En grande partie à cause de la position contradictoire des dirigeants arméniens, qui ont préféré se tourner vers l'Occident au lieu d'un travail rythmé avec la Russie et l'Azerbaïdjan, la mise en œuvre de l'ensemble des accords trilatéraux au plus haut niveau pour 2020-2022 est restée au point mort.  Un temps précieux a été perdu, pendant lequel des progrès significatifs auraient pu être réalisés en termes d'accord sur un traité de paix, de délimitation de la frontière et de déblocage des communications régionales, qui seraient devenus des facteurs de sécurité supplémentaires pour l'Arménie. Il convient également de noter que lors des réunions susmentionnées de Prague et de Bruxelles sous l’égide de l'Union européenne, le Premier ministre arménien, tout en reconnaissant l'intégrité territoriale de l'Azerbaïdjan, n'a pas évoqué les droits et la sécurité des Arméniens du Karabakh. Même aujourd'hui, nous ne voyons pas un grand intérêt de la part d'Erevan pour aider à résoudre les problèmes urgents au Haut-Karabakh - nous parlons de créer des conditions favorables au respect du cessez-le-feu, d'améliorer la situation humanitaire et d'établir un dialogue durable entre Bakou et Stepanakert.

Cette approche irresponsable de l’équipe de Nikol Pashinyan a provoqué un mécontentement compréhensible au sein d’une partie de la société arménienne, qui s’est exprimé par des protestations populaires. Bien entendu, les allégations selon lesquelles elles auraient été inspirées par la Russie n’ont rien à voir avec la réalité. Le chef du gouvernement arménien doit être bien conscient que Moscou ne pratique pas de telles choses - contrairement à l'Occident qui est assez habile dans l'organisation de "révolutions de couleur", mais qui, par une étrange coïncidence, a choisi de ne pas remarquer les nombreux faits de persécution des manifestants par les autorités d'Erevan. Parallèlement, il est de notoriété publique que l'ambassadeur américain entretient des contacts étroits avec le gouvernement. Dans ce contexte, une véritable bacchanale antirusse s’est déroulée dans les médias arméniens clairement à l’instigation des autorités.

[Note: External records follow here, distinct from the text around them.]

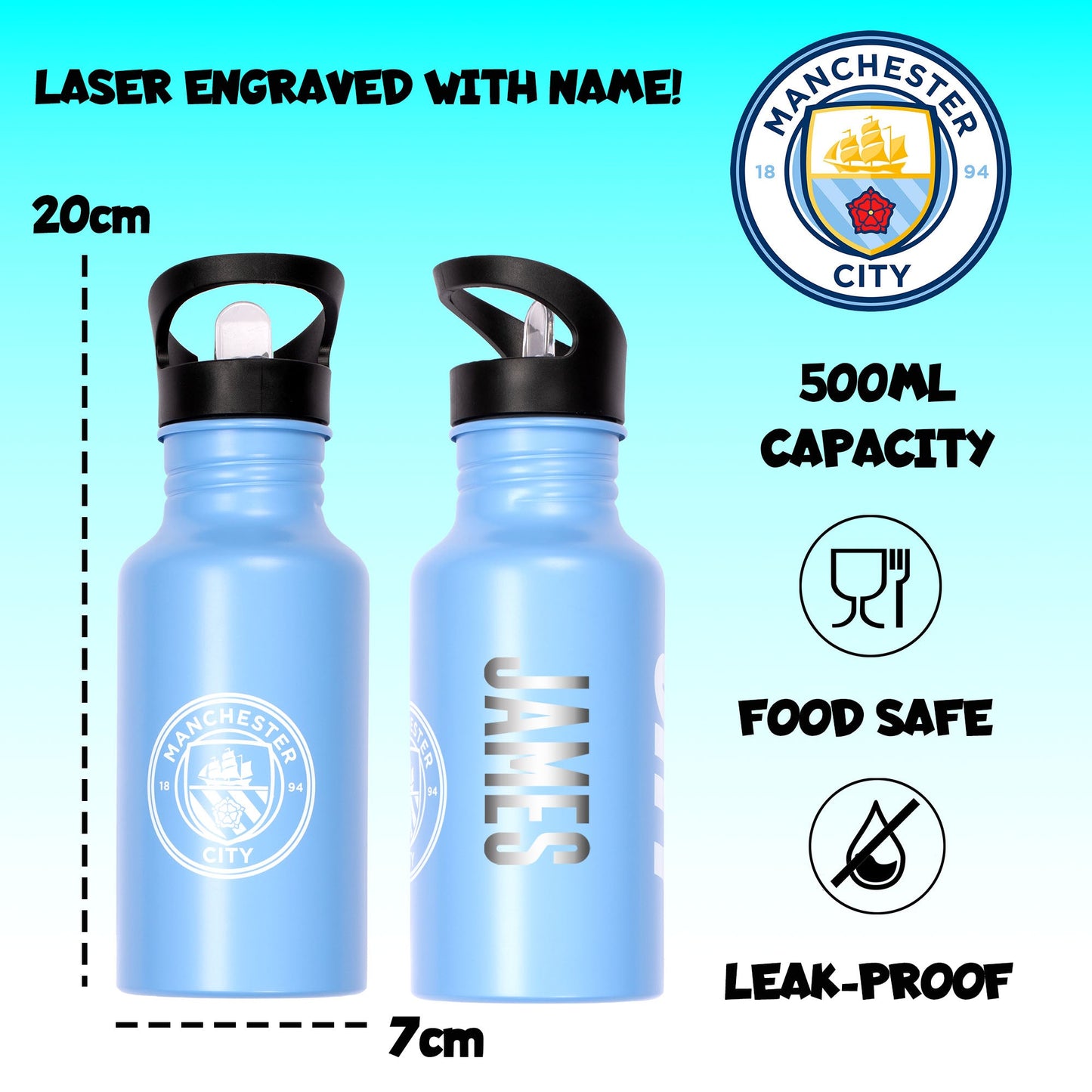 Manchester City FC Metal Gourde 500ml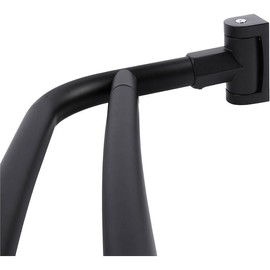 Double Curved Shower Rod, Metal Construction, Adjustable Between 44 to 70 Inches, Aluminum Rods and Zinc Mounting Hardware, Quality Modern Bathware, Oil Rubbed Bronze Finish - Colour: Black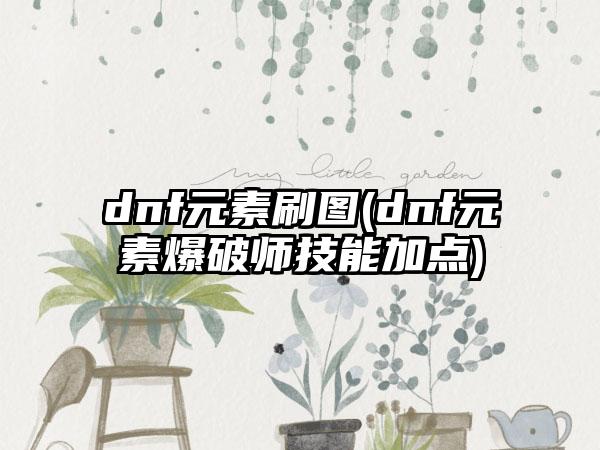 dnf元素刷图(dnf元素爆破师技能加点)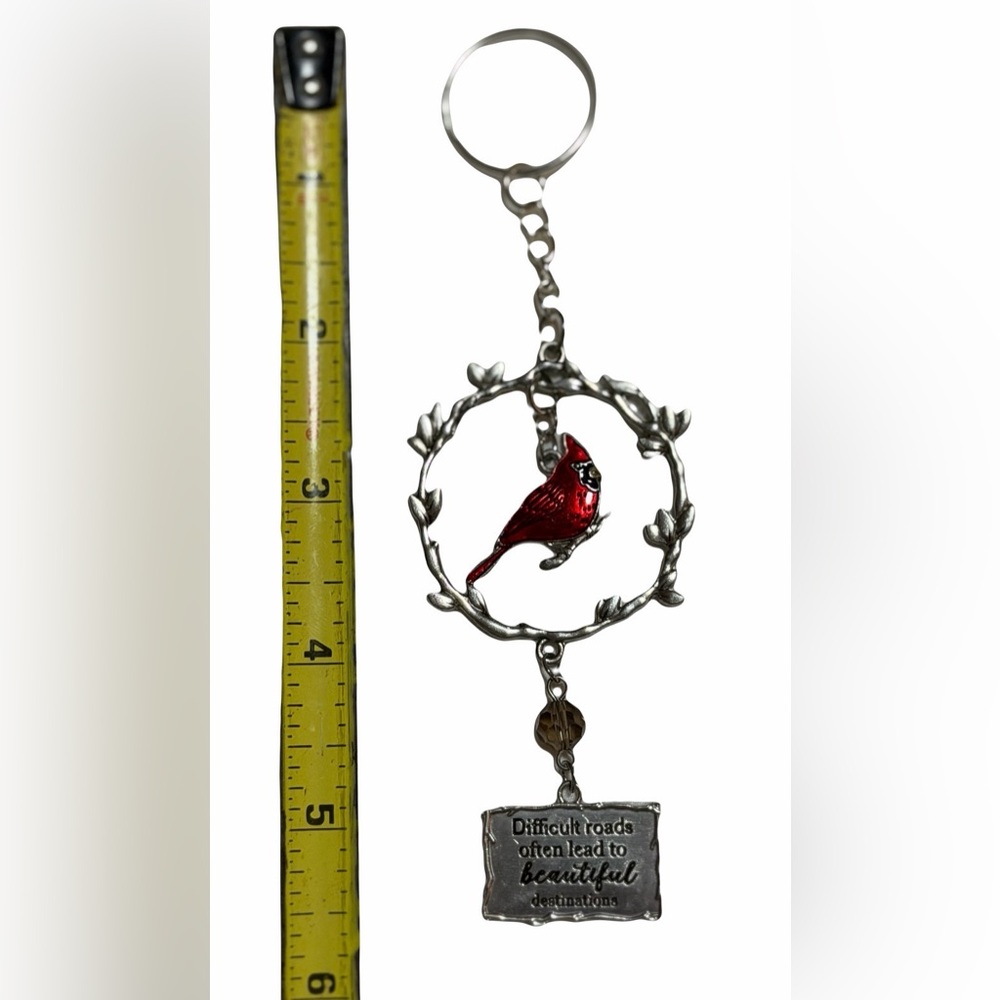 Silver and Red Bird Key Holder B8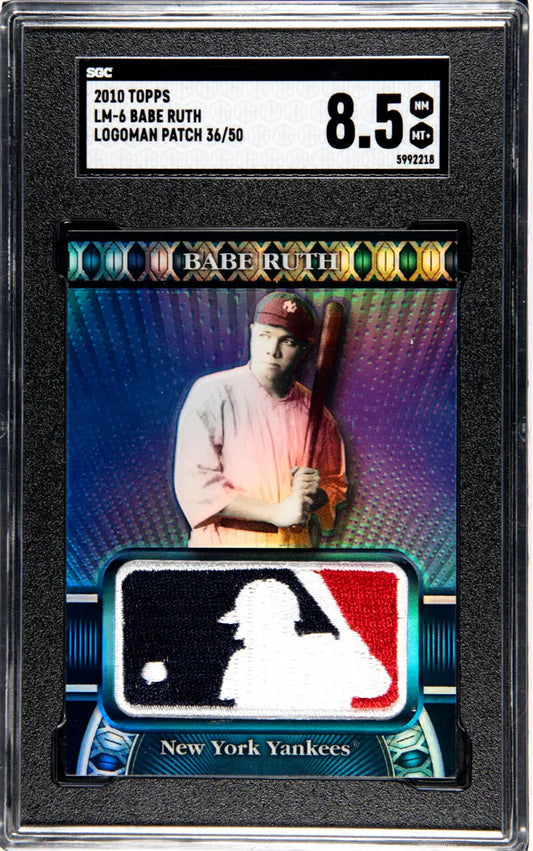 Graded Babe Ruth baseball card with Logoman patch, SGC 8.5 near mint condition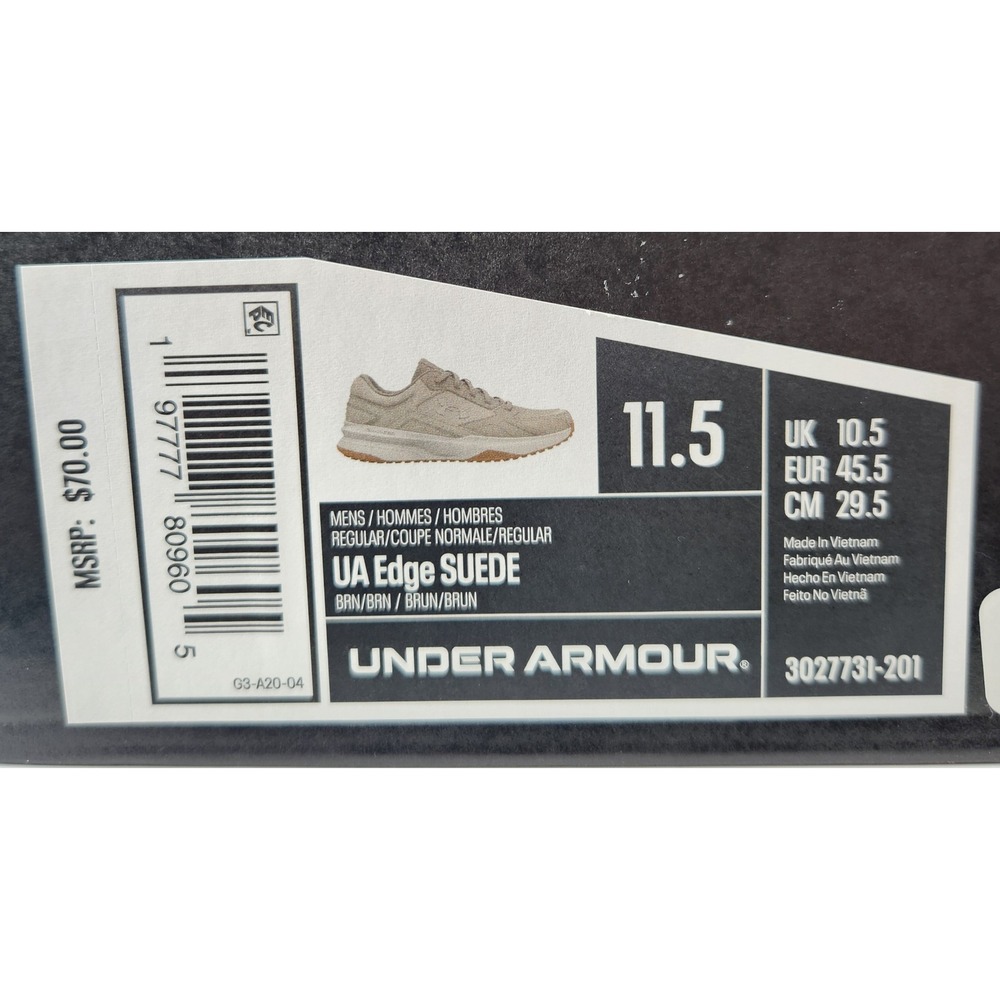 Under Armour UA‎ Edge Suede Mens Sneakers Tan Brown 3027731-201 Size 11.5 - Picture 6 of 7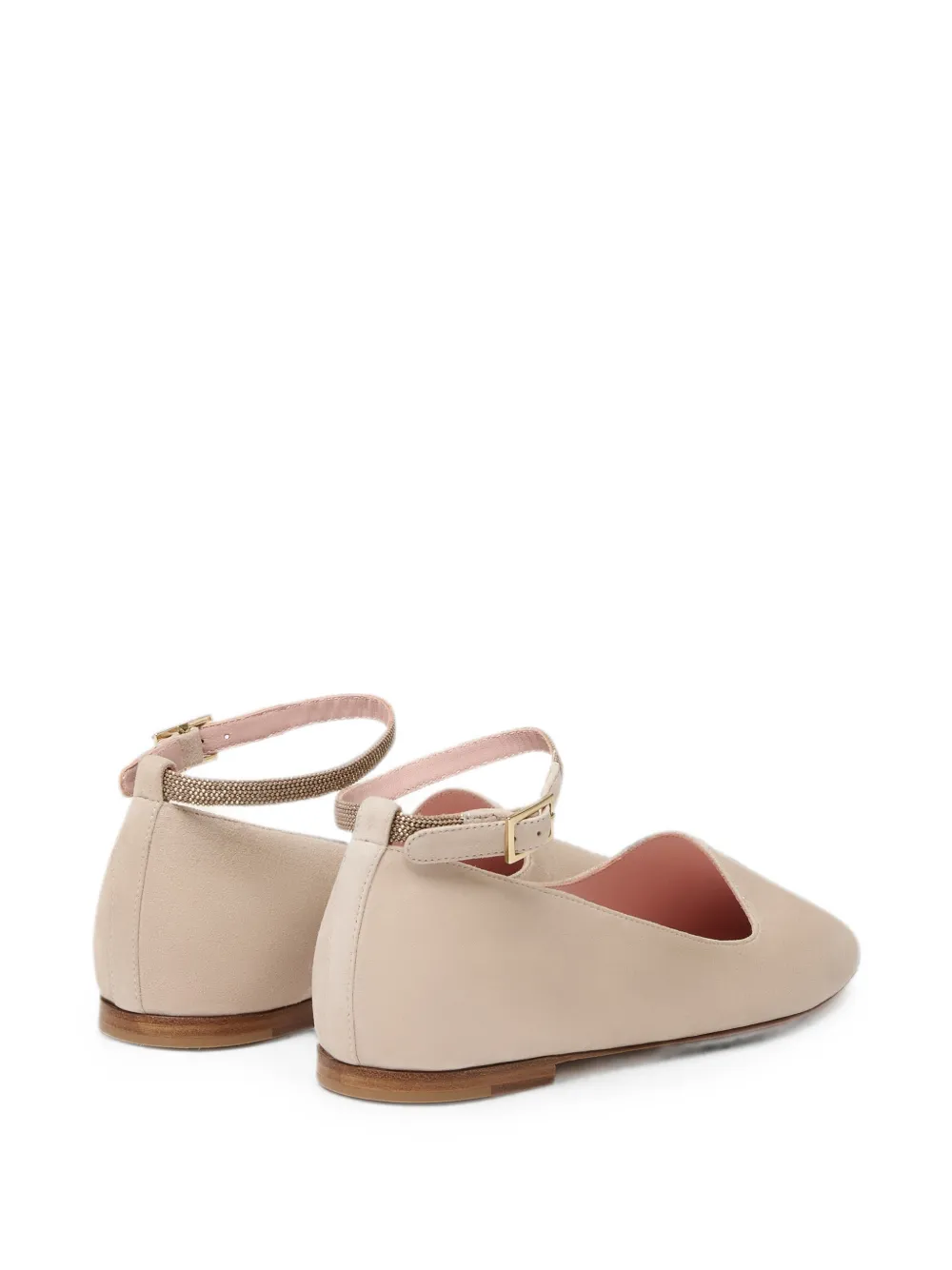 Fabiana Filippi beaded-strap pointed-toe ballet flats Beige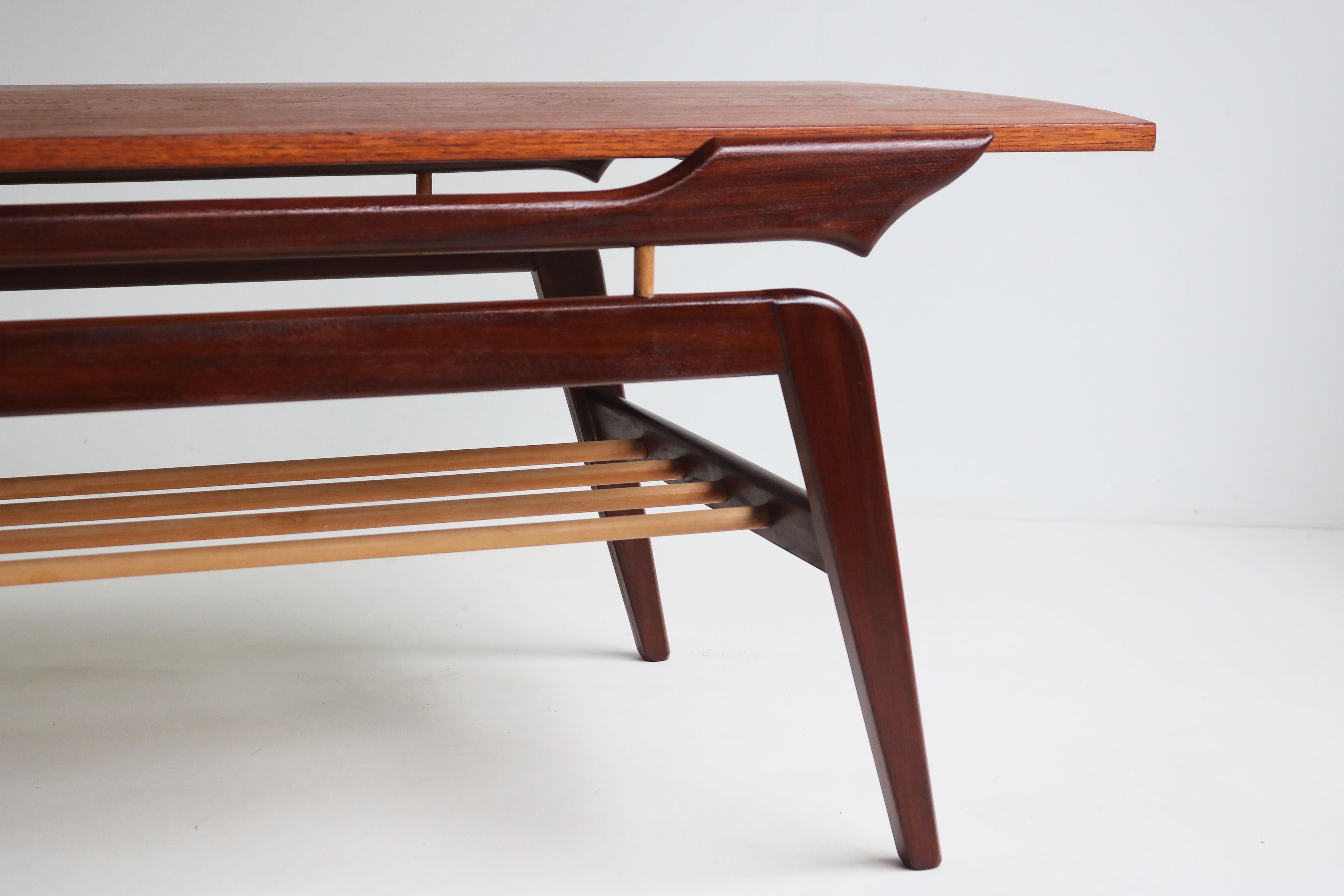 Hand-Crafted Unique Danish Design Coffee Table flip top teak and beech 1950 mid-century For Sale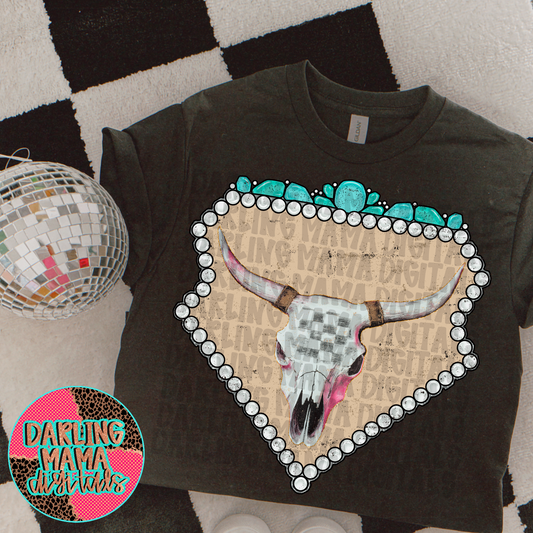 Wester Checkered Long Horn Skull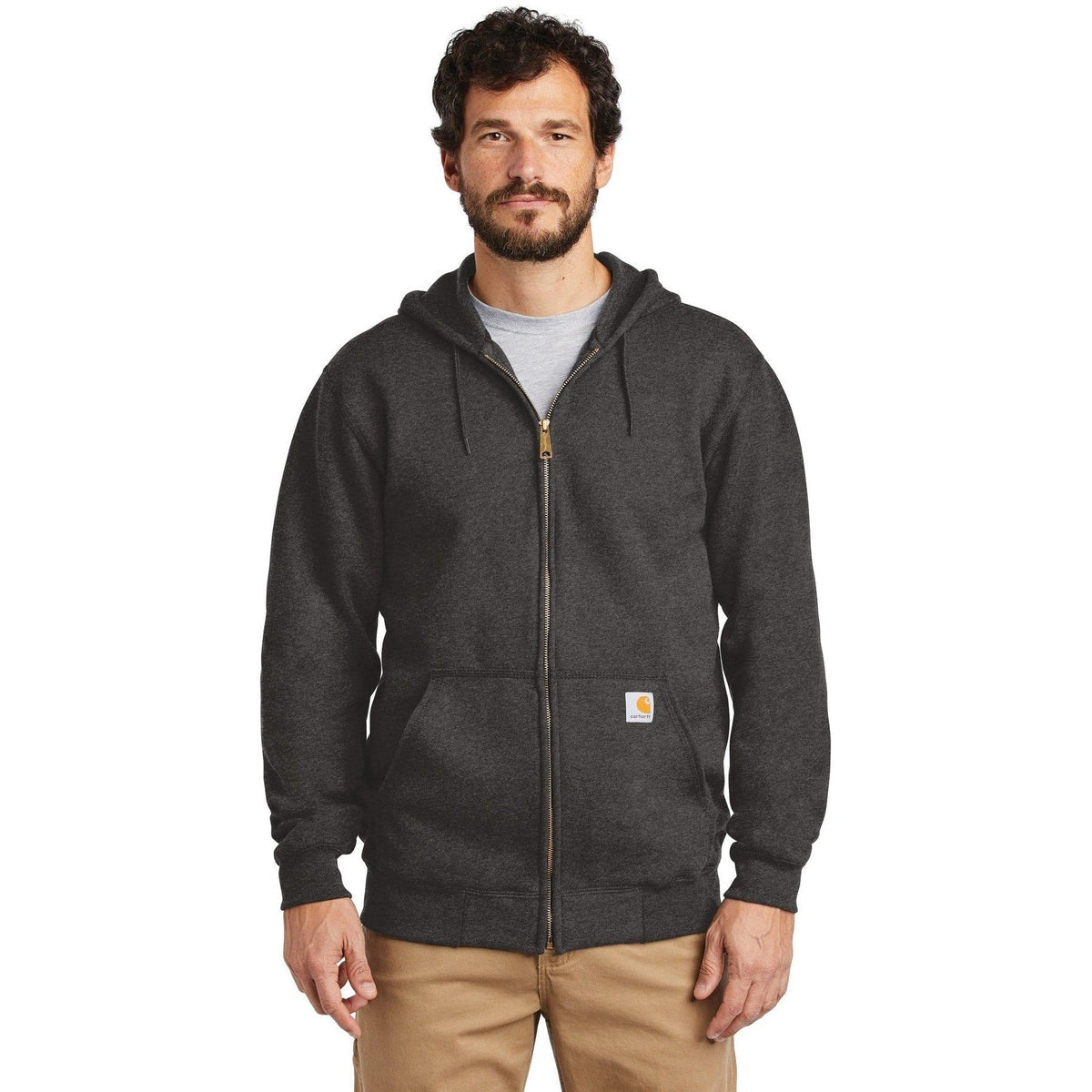 no-logo Carhartt Midweight Hooded Zip-Front Sweatshirt-Full Zips-Carhartt-Thread Logic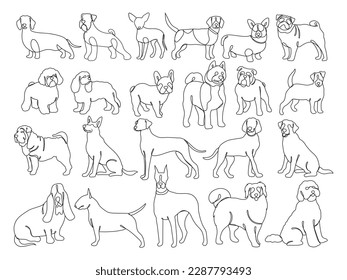 Set of line dogs. Collection of funny puppy portrait. Lovely animal. Dog lover. Vector illustration of pedigreed pet. Veterinary icons. Logo of the dog. 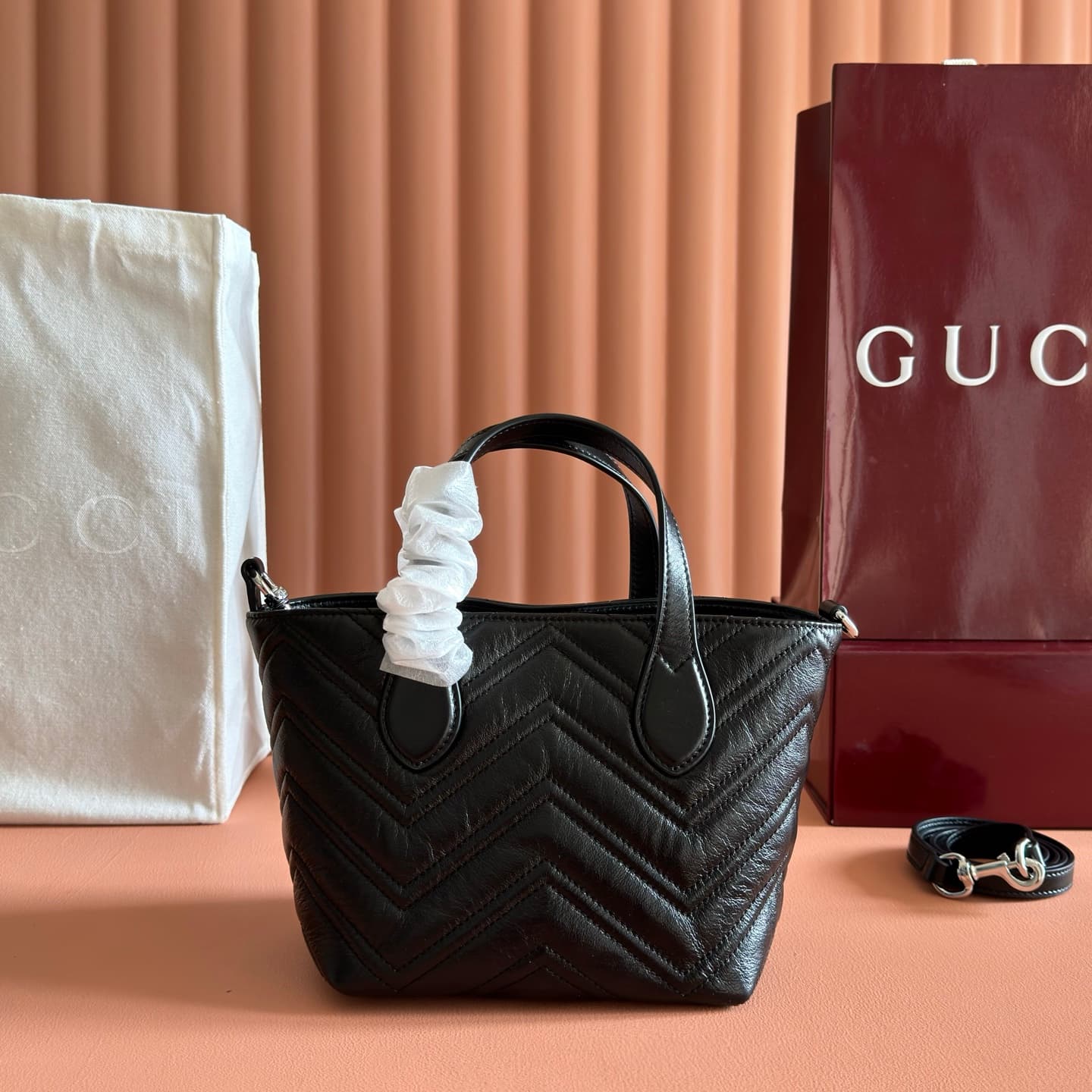 Gucci GG Marmont Small tote bag black leather ‎855391 High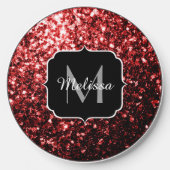 Glamour Dark Red Glitter sparkles Monogram Wireless Charger (Front)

Nous sommes convaincus que les dirigeants d’Erevan commettent une grave erreur en essayant délibérément de détruire les liens multidimensionnels et séculaires entre l’Arménie et la Russie et en faisant du pays un otage des jeux géopolitiques de l’Occident. Nous sommes convaincus que l’écrasante majorité de la population arménienne en est consciente. »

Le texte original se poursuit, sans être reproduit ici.